YOUR TASK: What you write should match, word for word, the lines from the one containing "Looking at the chart, EURJPY" through the end of the data, with no pictures.

***** GIVEN ENTRIES *****

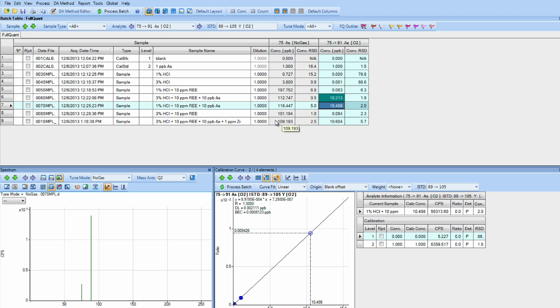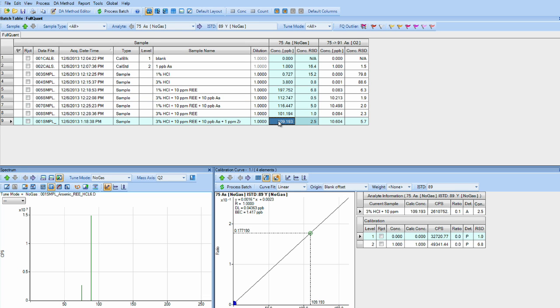And lastly, we've taken the three percent HCl with the 10 PPM neodymium and samarium, along with our 10 PPB arsenic spike, and also spiked with one PPM zirconium. As you can imagine, the 75 mass no gas of arsenic doesn't show the addition of zirconium because zirconium's primary isotope is 90 and 91.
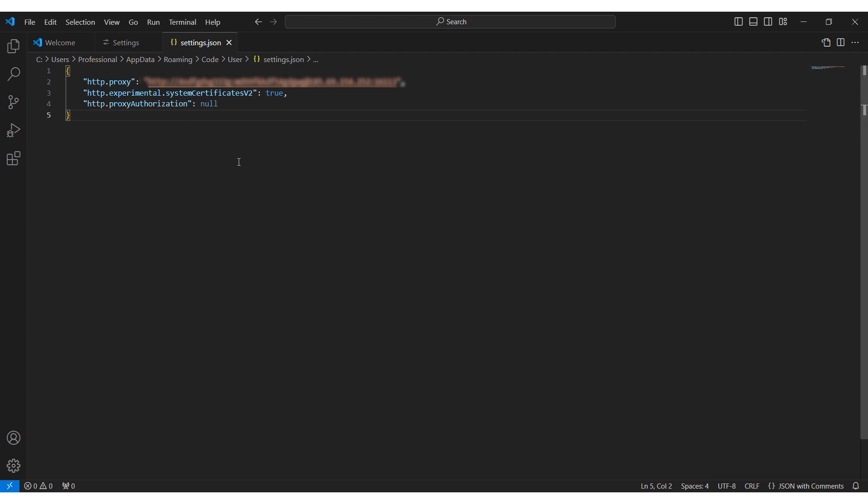Navigate to the settings.json file. Enter the command shown on your screen, which will also be detailed in this video's description. Specify your proxy data according to the type of proxy you have, similar to the earlier instructions.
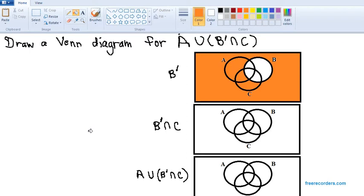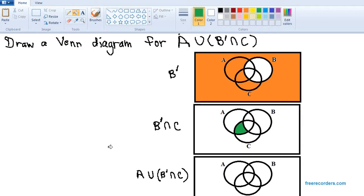Now our next step is to intersect B complement, which is the orange region, with C. We want everything that's in B complement and in C. Looking at the orange-shaded area, the part that is also in C is only that green area just shaded — that's what's in both B complement and C.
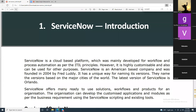This meeting is being recorded. Hi everyone, Gandarva here. Earlier we did an introductory session — most of you might have missed that — so I'm doing a second session today. Earlier it was just an introduction; today I'm going to cover the ServiceNow application.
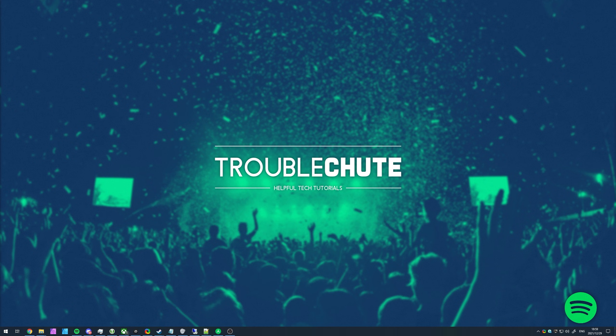But anyways, that's really about it for this quick video. Thank you all for watching. My name's been TechNobo here for Troubleshoot, and I'll see you all next time. Ciao!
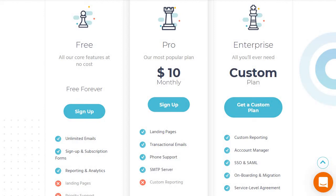The Moosend pricing plans are pretty straightforward and we're going to walk you through what you get with each of them along with some of the main core features. Before we begin, I put a link down below — if you want to click that you can follow along with me or get a free plan, because Moosend does come with a free plan, which I'm going to start off with right now.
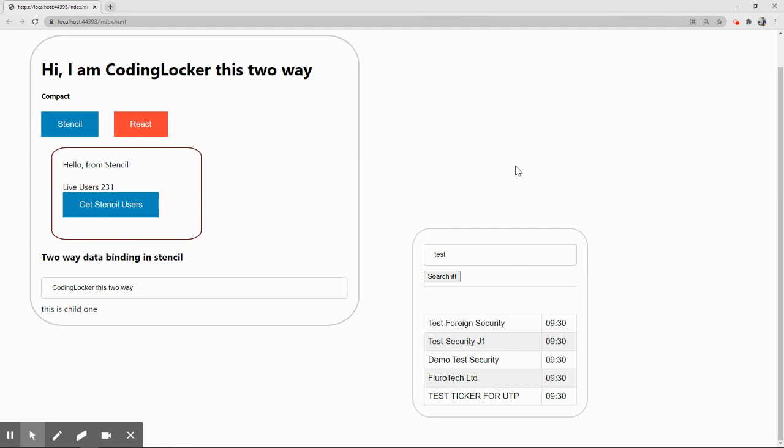That is all for today's part. Thank you for being at Coding Locker guys. If you have any query, doubt, or questions, please ask me and I'll be happy to answer those questions. Have a nice day, see you in the next part.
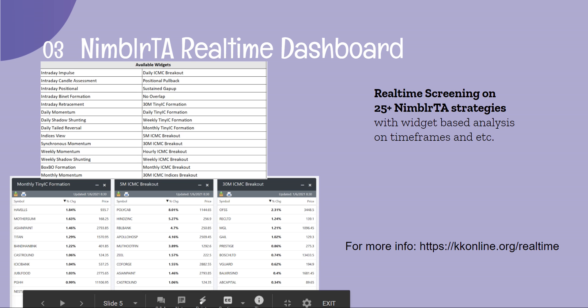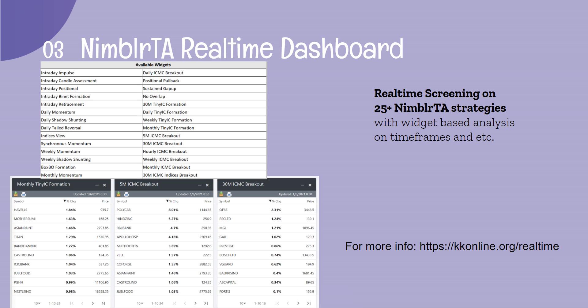The Nimmler TA Real-Time Dashboard is one of the latest offerings, featuring around 28 widgets as of now, with more being added each day. It helps you screen the complete market according to multiple strategies on different time frames on a single unified dashboard. It's a widget-based system where you can click, subtract, or add new widgets as per your choice. The list on screen shows everything it provides at this very moment.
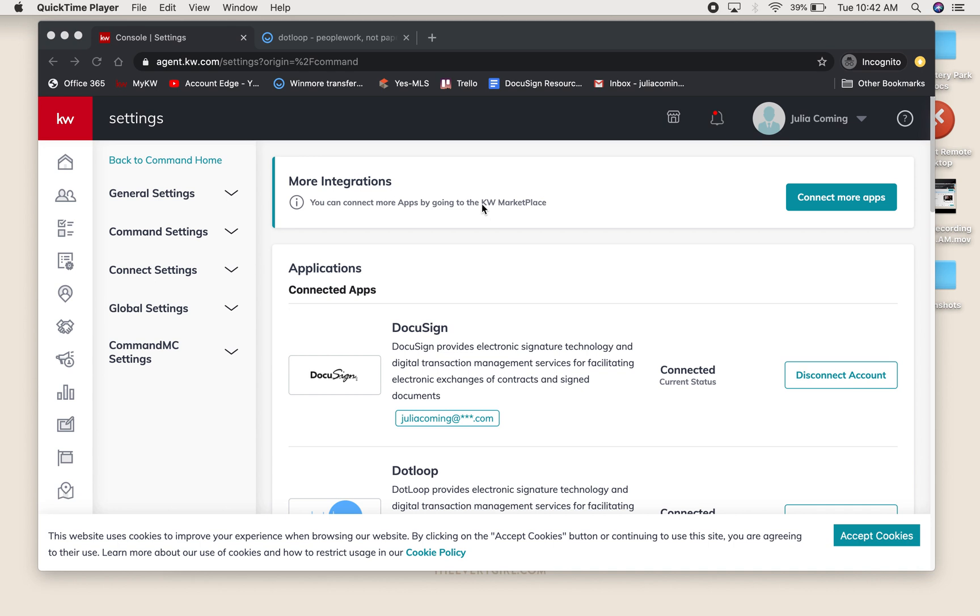To go over an easy way that you can get your documents from DotLoop to Command, assuming that you already have a loop with everything signed. This is after Monday, June 15th, when the office is going to be only looking in compliance and Command at your documents.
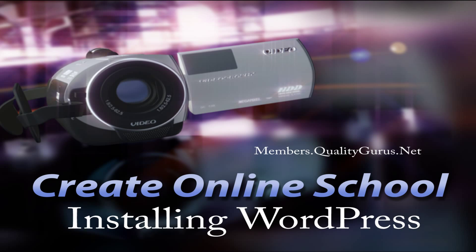Hey listeners, welcome back to this next video on how to create your online school or your own e-learning website. In the previous video we were able to buy our domain name and hosting space from HostGator.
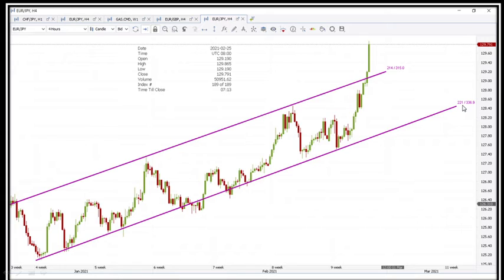Looking at the chart, EURJPY is in a strong bullish uptrend. EURJPY has moved out of the range. After yesterday's German GDP release, wait for a correction and then take a long position.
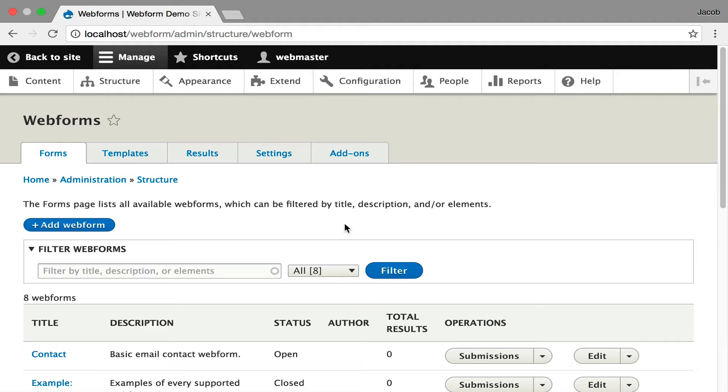Hi, my name is Jacob Rockowitz and this screencast is to help you get started building forms by adding elements, composites, and containers to your forms.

*****

SOLUTION FOR THIS PROBLEM:
Looking at the chart, EURJPY is in a strong bullish uptrend. EURJPY has moved out of the range. After yesterday's German GDP release, wait for a correction and then take a long position.
Hi, my name is Jacob Rockowitz and this screencast is to help you get started building forms by adding elements, composites, and containers to your forms.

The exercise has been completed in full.